After years of building maze-like monuments to queer love, Texas-based painter Eli Ruhala is at a crossroads in his practice.

The history of art and love has very little to do with art. Art never claimed to be a profession of love, only a depiction. Perhaps the closest art came to caging love’s essence was Marina Abramović and Ulay’s ninety-day traversal of China’s Great Wall; this was, of course, because the art object existed only to cleave the last thread of their romantic relationship. Love enters art only to deliver final judgment. Love’s true entrance into art destabilizes the whole thing—they collapse each other right at the point they meet.
For Eli Ruhala, art and love were inextricable, until very recently. Through two rigorous academic programs, one at the Maryland Institute College of Art, the other at Texas Christian University, he honed a painterly devotion to those around him. For years, Ruhala had dedicated most of his practice to capturing the quotidian life of his romantic partners—now that was over.
By the time of our visit, the artist was both single and out of graduate school. It quickly became apparent that Ruhala was in the midst of significant growing pains—in short, he was post obsession. In the artist’s words: “There’s a time when you’re much more introspective, but then there’s a time to be a part of something; right now I’m in the phase of my life where I hope I can both produce great art and be part of a community again.”
Ruhala moved into his current studio out of necessity. He explains this over his shoulder as we pass through hallways of artist-leased office pods. Within twenty-four hours of vacating his graduate studio at TCU, three years’ worth of art migrated north from Fort Worth to Goldmark Cultural Center in Dallas. Goldmark has become the local shorthand: a rhetorical placeholder for these tenement-style artist complexes. They’re far cries from last century’s historic East Village squats, more suited for commuting hobbyists than skins and psychobillies. Studio buildings like Goldmark arrive on the scene pre-corporatized and sterile, trading exterior style for practicality.
Less than a month after moving in, Ruhala has commandeered more than his share of the south hallway. Outside there are oil paintings of family photos and drywall works dripping in a nostalgia the TCU program beat out of him. One painting, Mom’s Corner (2024), recreates a photograph of the artist’s mother in college. In it she’s sitting at a cluttered desk and turning over her right shoulder to meet the camera’s gaze; her Princess-Di boy cut suggests a lost member of John Hughes’s Brat Pack. Ruhala’s oil paintings fall somewhere between Gustave Courbet’s social realism and Nan Goldin’s photographic voyeurism. We are never explicitly given permission to view these intimate scenes but feel entitled to their subtle honesties. They invite us for dinner but always kick us out before the main course.
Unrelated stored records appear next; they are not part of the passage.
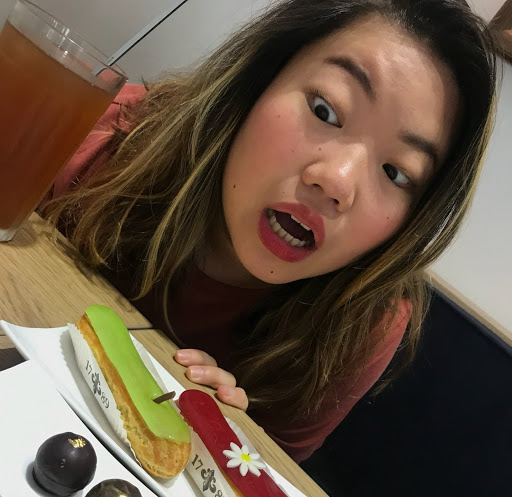 Anna Tsai Photo 17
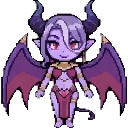 Lust sprite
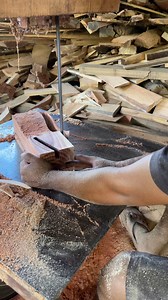 151K views · 1K reactions | Cutting techniques to Decorate table legs | WOOD DIY 4K | Facebook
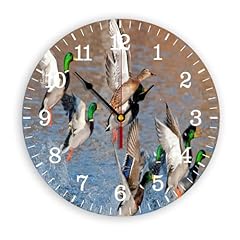 12inch wall clocks for sale  Delivered anywhere in USA 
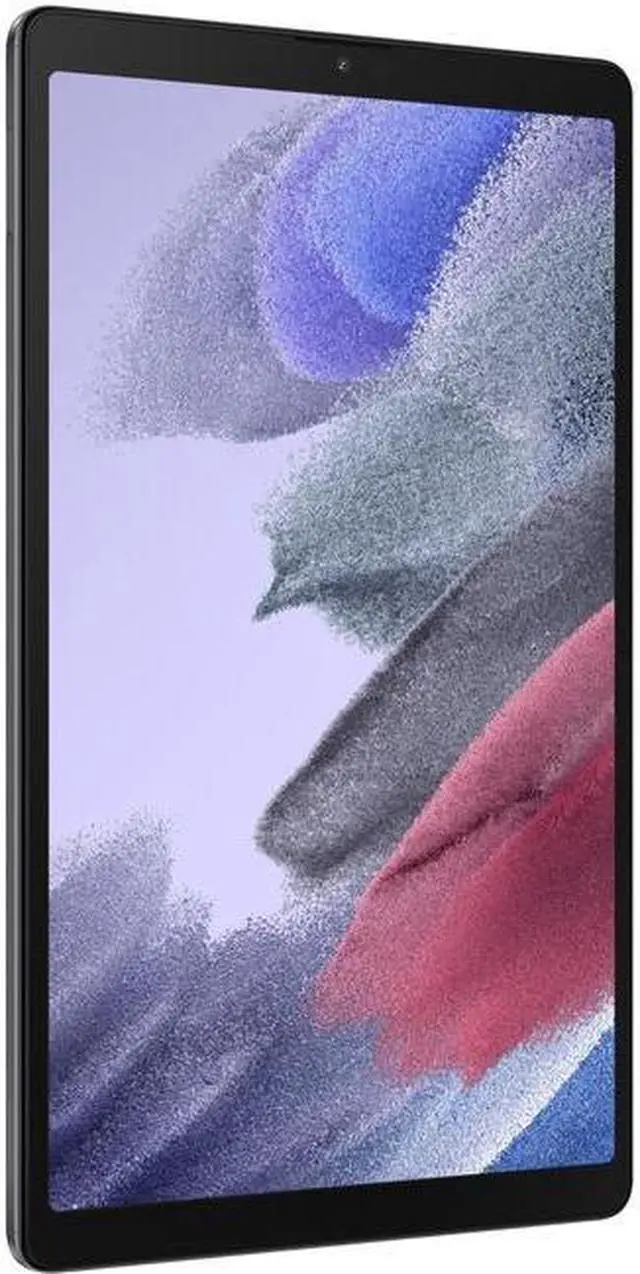 Alt view image 13 of 13 - Samsung Galaxy Tab A7 Lite 8.7" 32GB Tablet Android 10 Gray SMT220NZABXAR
I’m incapable right now of making work that satisfies what it is that I want. The only answer I can find is, do more.
Inside the studio, there are several leaning stacks of makeshift walls and sketches scattered everywhere. These walls, made from sheets of drywall and construction wood, are actually disassembled installations, with hyper-impasto paintings rendered in pastel-colored joint compound on their faces. When set upright, these walls form absurd interiors. Viewers wander through impossible floor plans lined by Ruhala’s monumental figures. Looking around, I recognize work from Dallas Contemporary, Art League Houston, and his thesis exhibition. In his studio, these works are suddenly shy, hiding their faces in unjustified shame.
Ruhala apologizes multiple times for the “mess,” referring self-deprecatingly to the last decade or so of his work. In instances like this, with his warm, if not a little awkward, demeanor, a continuum of sincerity appears between the artist and his art—or at least a natural acumen for sincere imitation. It is something characteristic of younger children, but present in certain adults who resist ego brought on by age. As if, instead of growing up, the artist merely drew himself a bit older every year.
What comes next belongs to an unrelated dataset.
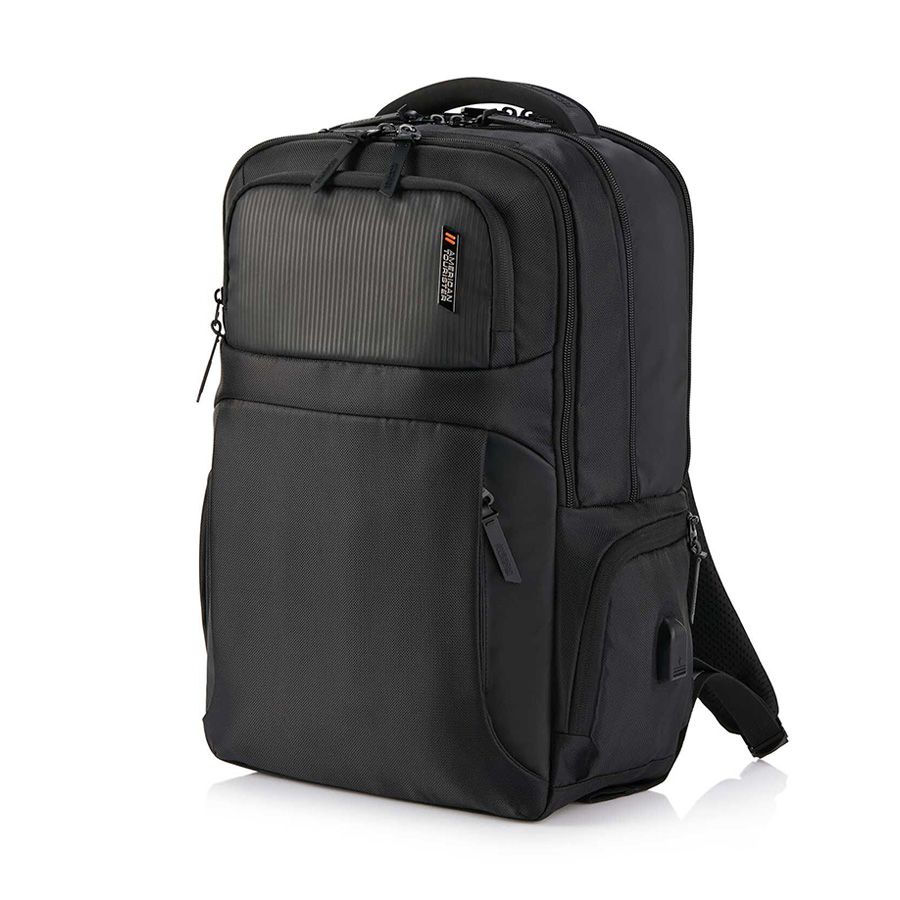 Balo laptop 17in Segno 2.0 - 2 ASR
“I’ve been so critical of myself lately,” Ruhala says in response to a question about his current studio practice. “I’m incapable right now of making work that satisfies what it is that I want. The only answer I can find is, do more.” He’s working on a series of wall paintings for an upcoming exhibition at White Columns in New York. These new works depict a continuous, prismatic waterscape with anonymous swimmers (usually thin, queer men like the artist himself) littered across its room-sized length. Three of the nine planned panels are completed, the rest are studies taped to the wall with blue painter’s tape.
Compared to his watercolors of past lovers, most of which are absent from his studio, this new work redirects intimacy into a question of form, pattern, and color. They come from his need for free expression in the wake of constricting realities. “I want people to be more interested in what the figure is doing, instead of how they look,” he says. Like the artist himself, these figures are incognito and turned upstream, struggling against a suddenly vengeful current.